Letterman probes for names. Like who, he asks? Any examples? Jay fires back: “How ’bout this—who’s on TV in late night right now that’s not even remotely funny?”
Aspiring politicians—or anybody aiming for a career that involves jiving with others, which is just about everyone nowadays—could learn a thing or two from the unspoken respect radiating through the community of hip-hop. Rap’s biggest names may not always be close-knit (see: brutal infighting and the killing of Tupac) but they generally defend their own against outsiders. An insult to one is taken as an insult to all.
Quartz at Work writer Khe Hy mused last week on four key lessons he took away from rap that shaped his own career and entrepreneurship.
One of them is as simple as it sounds: Just start. Now. Start even without backing, or the right academic or professional credentials, or experience, because there might not be any other way. (Quoth Jay-Z: “Far from a Harvard student / just had the balls to do it.”)
Rap is more self-starting than any other music genre, a legacy of its counterculture roots. Even now, at a time when it’s gone mainstream and established support systems of its own, many rap artists choose to go their own way, because it’s in the building-out of that first track or album or business move when truly dedicated people discover the real extent of their creative prowess.
One of the reasons the genre of rock and roll fell so far in recent years is that it failed to keep up with the speed of the world. CD and tape sales were down, digital downloads were down, and streaming—that newfangled model of an all-you-can-listen subscription—was about to take over. Rock stars shrugged their shoulders and kept plugging away.

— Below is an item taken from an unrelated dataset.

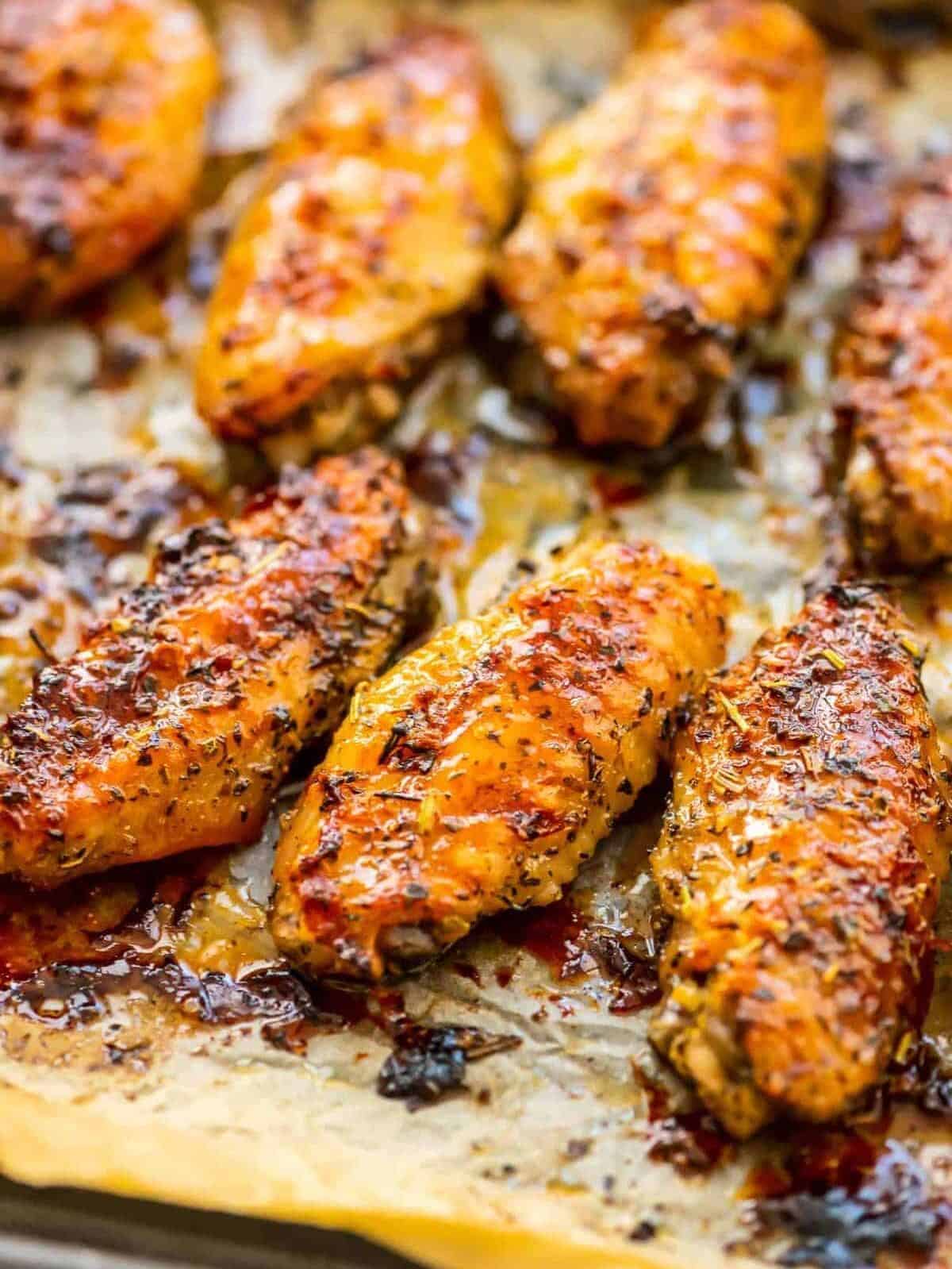 up close picture of baked chicken wings on sheet pan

Rappers stayed in tune with the innovations coming their way. Mixtapes like Drake’s were made and molded specifically for the tastes of the impatient, insatiable streaming era. Chance the Rapper won an unprecedented Grammy Award without selling physical copies of his music. Kanye West’s last album was still being tweaked long after it was released, both enticing listeners to come back and taking complete advantage of an evolving set of tech tools. Accordingly, leaders in the music-streaming space like Spotify and Apple Music reached out to work with the genre, rolling out spotlighted rap playlists and video content.